::: DATA TO USE :::

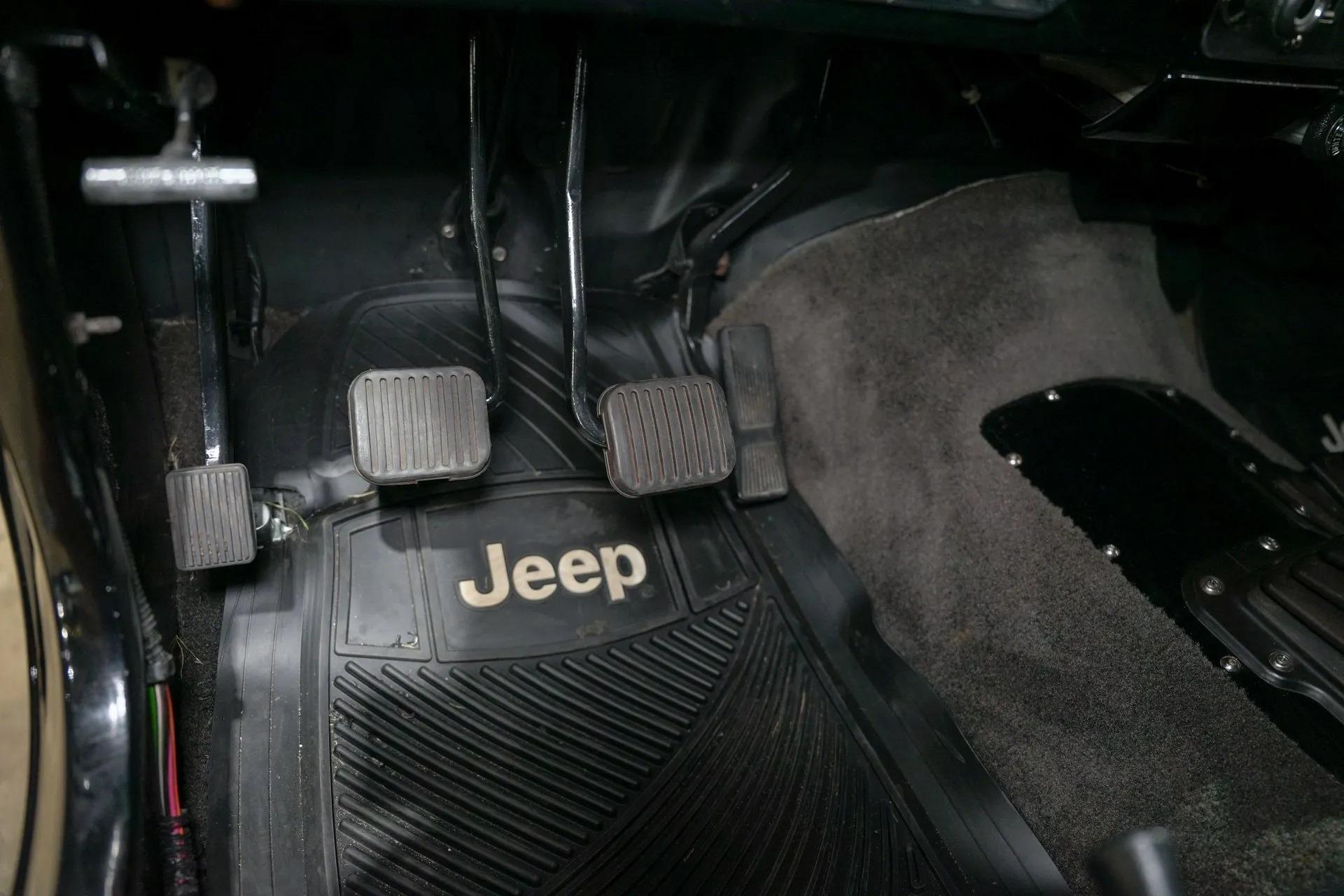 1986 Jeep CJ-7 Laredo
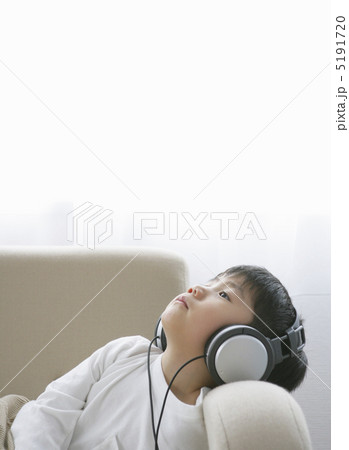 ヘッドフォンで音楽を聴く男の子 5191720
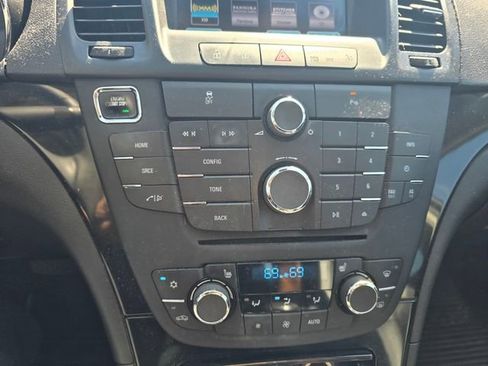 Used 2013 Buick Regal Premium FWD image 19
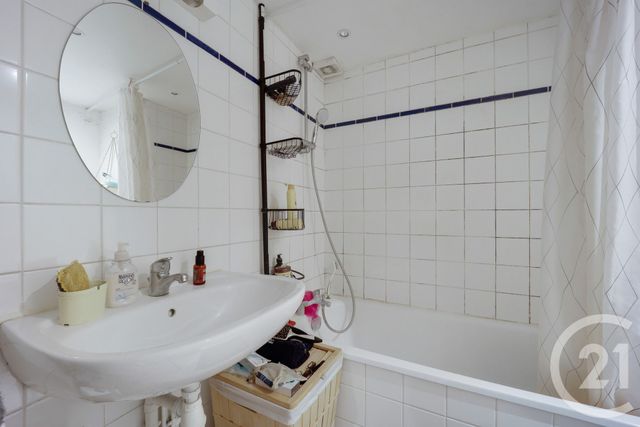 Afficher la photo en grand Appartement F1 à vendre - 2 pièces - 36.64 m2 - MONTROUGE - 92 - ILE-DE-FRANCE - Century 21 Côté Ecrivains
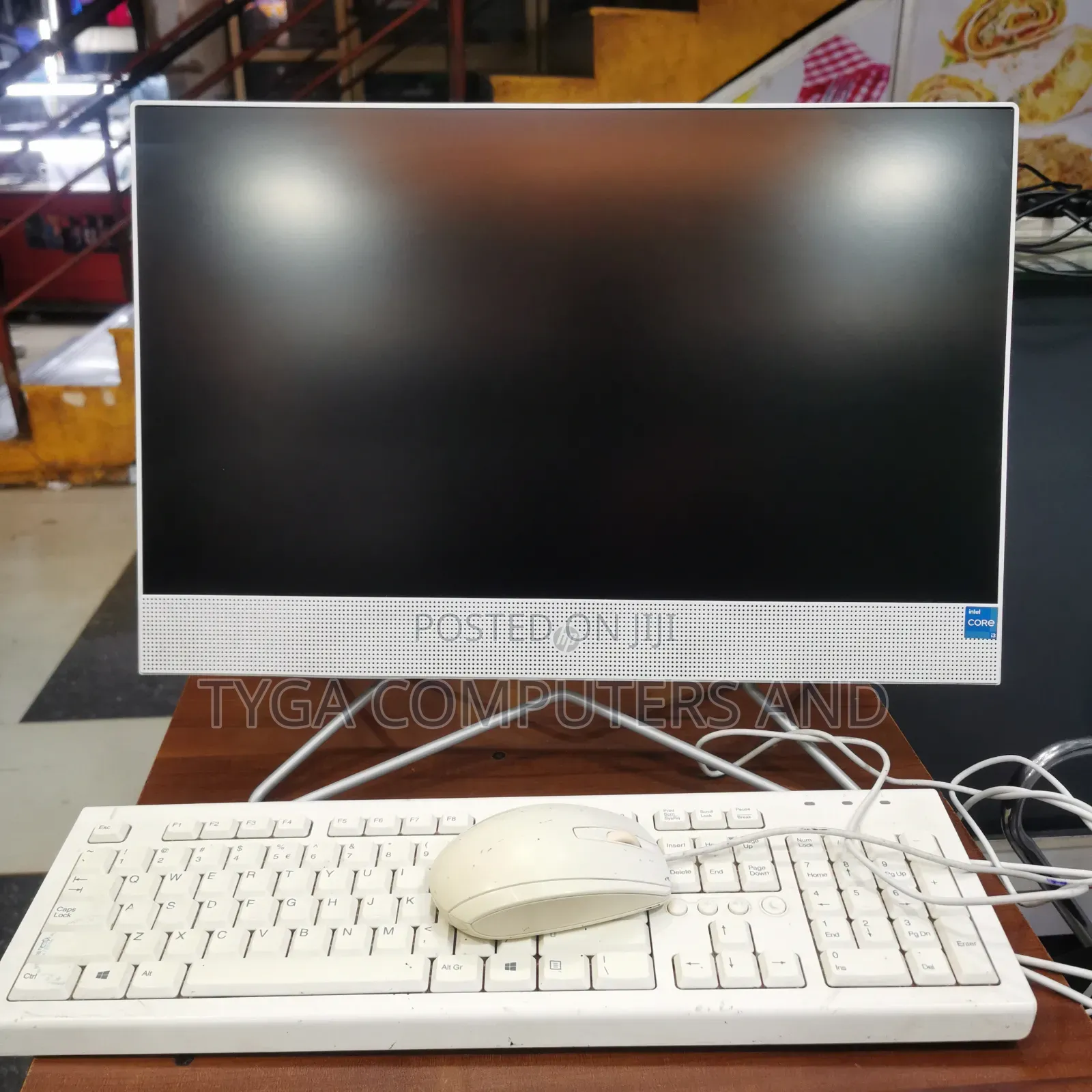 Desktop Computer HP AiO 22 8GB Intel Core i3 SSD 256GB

:::

** WHAT TO DO **
The expected answer is the listing above, duplicated exactly, with its pictures removed.

** TASK RESPONSE **
 1986 Jeep CJ-7 Laredo
 ヘッドフォンで音楽を聴く男の子 5191720
 Used 2013 Buick Regal Premium FWD image 19
 Afficher la photo en grand Appartement F1 à vendre - 2 pièces - 36.64 m2 - MONTROUGE - 92 - ILE-DE-FRANCE - Century 21 Côté Ecrivains
 Desktop Computer HP AiO 22 8GB Intel Core i3 SSD 256GB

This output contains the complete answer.